Your advisor is moving. Should you, too?

Written by John Osbon on October 17, 2012

It could happen to you.  Or maybe it already has. Your advisor is moving to a different employer. Change happens. Frequently. Every year 12-13% of financial advisors change employers or their firms are sold or merged. That’s a lot of motion. If your advisor moves, should you follow? What do you need to know before you make that decision?

In whose best interest?

According to a recent Wall Street Journal article, about 1 in 8 financial advisors moves each year.  In my experience, advisors often celebrate these moves with letters to clients that cite “better products” or “better research” as the motivation behind the move. This may be true in some cases, but I think it is rarely the whole truth.
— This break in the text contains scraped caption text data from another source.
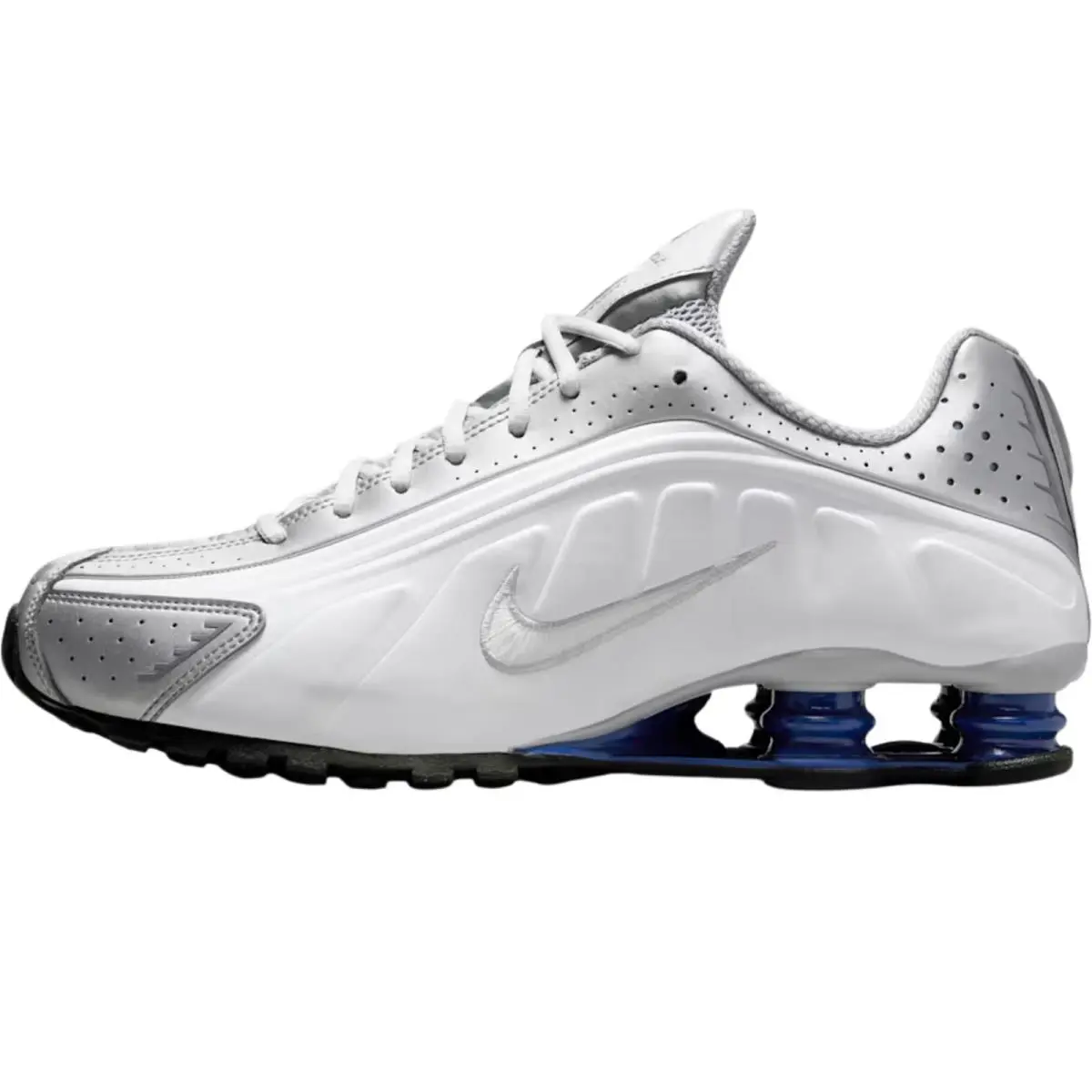 Nike shoes - Nike Shox R4 - Shox - Black/Black/Bright Crimson/Black 45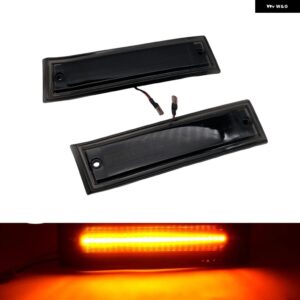 シボレー 2個 LED ダイナミックサイド マーカーライト ウィンカーランプ 1994-1999 GMC サバーバン 1988-1999 C/K - Dynamic Smoked Black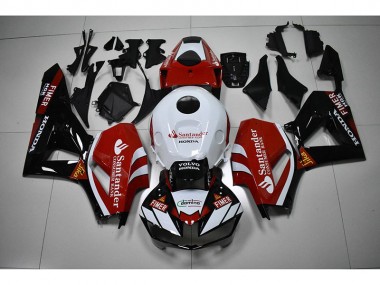 Preto Branco Vermelho Santander Carenagem Moto Honda CBR 1000RR 12-16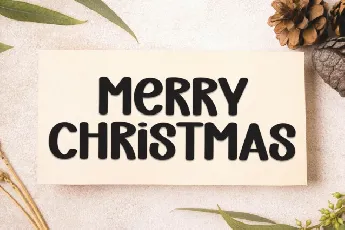 School Christmas Display font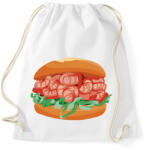 printfashion Garnélarákos szendvics - Sportzsák, Tornazsák - Fehér (17847349)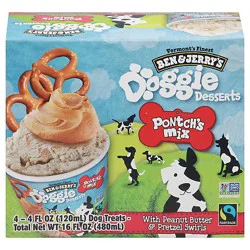 Ben & Jerry's Pontchs Mix Frozen Dog Treat - 4 Count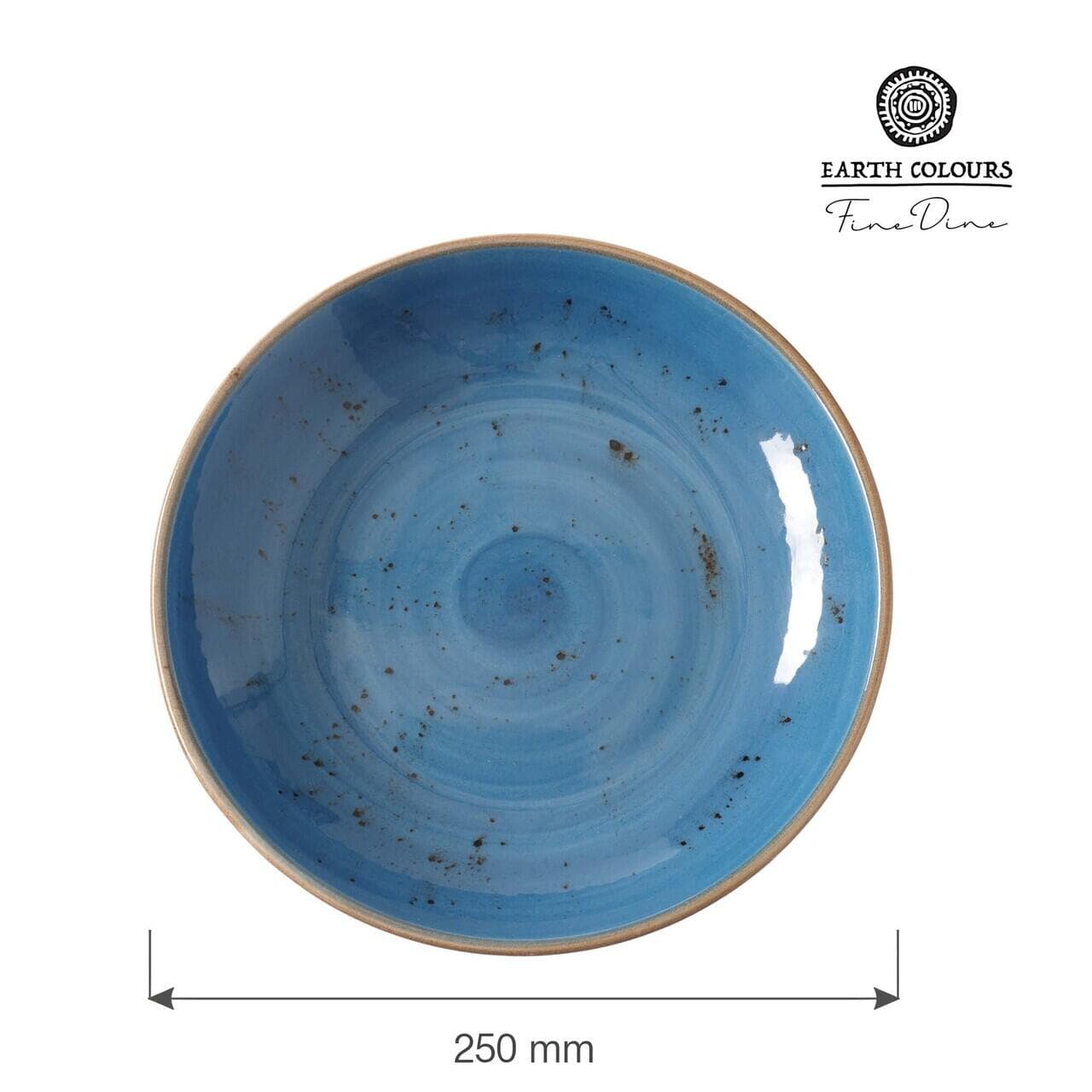 Bol de mica adancime albastru, 250 mm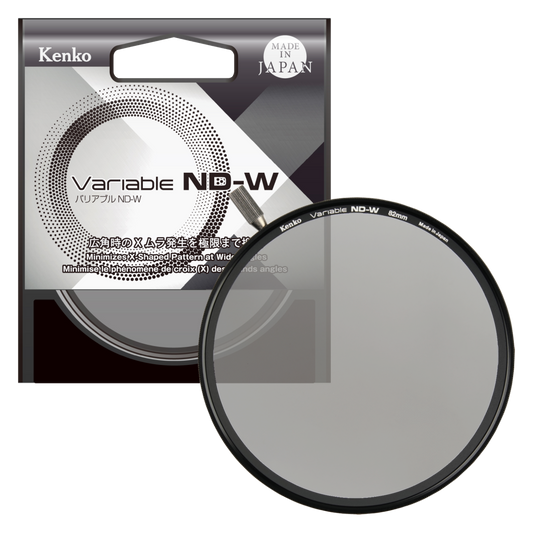 Kenko Variable ND-W Filter, ND2.5-ND128(2-7 Stops), for Wide Angles, No X-shaped Pattern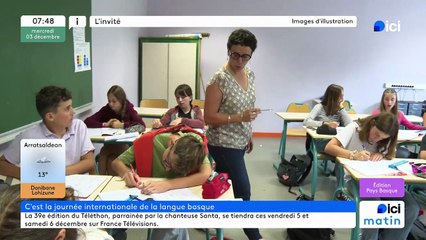 Mercredi 3 décembre, journée internationale de la langue basque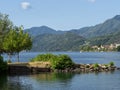 Omegna, italy, and the Orta lake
I believe most moves are motivated by the desire to increase earnings – for the advisor, not their clients. Big Wall Street firms often entice successful brokers to move by making large payments to capture his/her client revenue stream.  As a manager on Wall Street I was on the delivering and receiving end of this war of broker musical chairs, and I fail to see how it helped clients at all.

Now clearly there’s nothing wrong in changing jobs to make more money. It happens in every industry. But when an advisor wants you to follow, it’s worth a closer look at the possible outcomes for you:

Portfolio changes – You may not be required to liquidate your portfolio if you move it to a new firm, but your advisor may be generously compensated to sell the new firm’s proprietary products. These products may or may not be a good fit for you. Before you follow your advisor, get the scoop on what it means for your portfolio right now and the menu of investments you may be choosing from in the future.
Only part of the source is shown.